FUSION I Assesses Safety and Tolerability of Two Doses of NATRECOR (Nesiritide) Administered to Patients With Worsening Congestive (Decompensated) Heart Failure Who Are Concurrently Receiving Their Usual Cardiac Medications and Are at High Risk for Hospitalization.

Heart Failure, Congestive Clinical Trial

Official title:

Management of Patients With CHF After Hospitalization-Follow up Serial Infusions of NATRECOR (Nesiritide) - FUSION I, A Pilot Study

Clinical Trial Details — Status: Completed

Administrative data

• NCT number: NCT00270361
• Other study ID #: CR003316
• Secondary ID: NATRECORHFA2001
• Status: Completed
• Phase: Phase 3
• First received: December 22, 2005
• Last updated: July 25, 2011
• Start date: December 2001
• Est. completion date: January 2003

Study information

• Verified date: July 2011
• Source: Scios, Inc.
• Contact: n/a
• Is FDA regulated: No
• Health authority: United States: Institutional Review Board
• Study type: Interventional

Clinical Trial Summary

The purpose of this study is to assess the safety and tolerability of two doses of nesiritide (a recombinant form of the natural human peptide normally secreted by the heart in response to heart failure) when administered serially as a treatment to outpatients with worsening congestive heart failure (decompensated CHF) who are receiving their usual cardiac medications and are at high risk for hospitalization.

Description:

Efforts to contain rising costs for hospital acute care have resulted in shorter hospital stays for patients with acutely decompensated heart failure. These shorter stays may not allow for adequate diuresis, titration of oral medications, or for patients to receive the full benefit of intravenously (IV) administered medications. In addition to shorter stays when hospitalized, physicians are exploring ways to treat patients in the outpatient setting to avoid hospitalization. Although there is increasing interest among clinicians in the use of outpatient IV therapy for the treatment of advanced heart failure, there is no consensus among clinicians regarding patient selection, dosing, or treatment duration.

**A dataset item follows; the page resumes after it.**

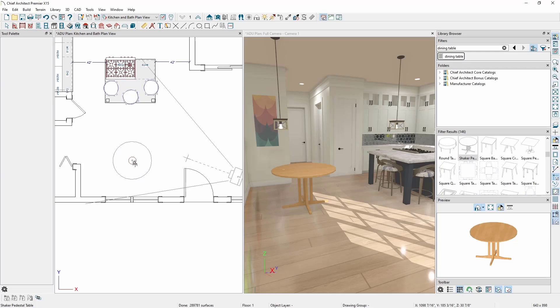Now that I've got a table, I want to place some chairs around the table. In our Library Browser, you can stack multiple filters together to refine your search. In this case, I'm going to filter by 3D symbol type first, and then filter by specific keywords.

The use of IV inotropic agents (drugs that influence and or affect muscle contractility) such as milrinone or dobutamine in this setting is controversial and may lead to increased mortality. Indeed, the ACC/AHA (American College of Cardiology and American Hospital Association) guidelines warn that long-term intermittent use of IV inotropes for treatment of left ventricular dysfunction is of "unproved value and not recommended." Yet, despite these guidelines, clinicians use inotropes in the outpatient setting because there is no currently approved alternative therapy. Thus, there is an unmet need for effective outpatient treatment of advanced chronic heart failure to improve quality of life and/or reduce the number of hospital admissions for heart failure.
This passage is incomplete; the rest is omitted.